To Paris and The 'Beat Hotel'

In 1957, Allen Ginsberg voyaged with Peter Orlovsky to visit Williams S. Burroughs in Morocco. They were joined by Kerouac, who was researching the French origins of his family. Corso, already in Europe, joined them in Tangiers and as a group, they made an ill fated attempt to take Burroughs' fragmented writings and organize them into a text (which later would become "Naked Lunch"). Burroughs was strung out on heroin and became jealous of Ginsberg's unrequited attraction for Corso, who left Tangiers for Paris. In Paris, Corso introduced Ginsberg and Orlovsky to a Left Bank lodging house above a bar at 9 rue Gît-le-Coeur, that he named the Beat Hotel. They were soon joined by William Burroughs and others. It was a haven for young expatriate painters, writers and musicians. There, Ginsberg began his epic poem Kaddish, Corso composed his poems Bomb and Marriage, and Burroughs (with Brion Gysin's help) put together Naked Lunch from previous writings. This period was documented by the photographer Harold Chapman, who moved in at about the same time, and took pictures of the residents of the hotel until it closed in 1963.
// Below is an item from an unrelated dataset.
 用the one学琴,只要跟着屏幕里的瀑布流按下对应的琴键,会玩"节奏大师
Corso's Paris sojurn resulted in his third volume of Poetry :"The Happy Birthday of Death" (1960), "Minutes to Go" (1960, visual poetry deemed "cut ups") with William S. Burroughs, Sinclair Beiles, and Brion Gysin, "The American Express " (1961, an Olympia Press novel), and Long Live Man (1962, poetry). Corso fell out with his publisher of Gasoline, Lawrence Ferlinghetti of City Lights Bookstore, who objected to "Bomb," a position Ferlinghetti later rued and for which he apologized. Corso's work found a strong reception at New Directions Publishing, founded by James Laughlin who heard of Corso through Harvard connections. New Directions was considered the premier publisher of poetry with Ezra Pound, Dylan Thomas, Marianne Moore, Wallace Stevens, Thomas Merton, Denise Levertov, James Agee, and ironically, Lawrence Ferlinghetti.
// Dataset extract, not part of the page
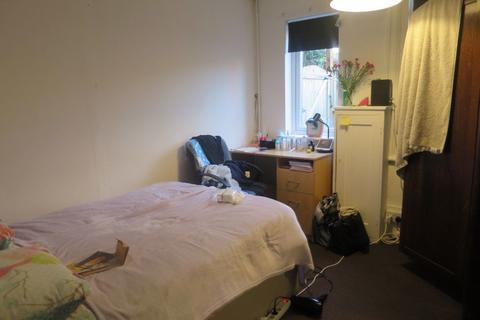 4 bedroom flat to rent - Iffley Road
While in Europe Corso searched for his lover, Hope Savage, who had disappeared from New York, saying she was headed to Paris. He visited Rome and Greece, sold encyclopedias in Germany, hung out with jazz trumpeter Chet Baker in Amsterdam, and with Ginsberg set the staid Oxford Union in turmoil with his reading of "Bomb", which Oxford students mistakenly believed was pro-nuclear war (as had Ferlinghetti), while they and other campuses were engaged in "ban the bomb" demonstrations. A student threw a shoe at Corso, and both he and Ginsberg left before Ginsberg could read "Howl".

Corso returned to New York in 1958, amazed that he and his compatriots had become famous, or notorious, emerging literary figures.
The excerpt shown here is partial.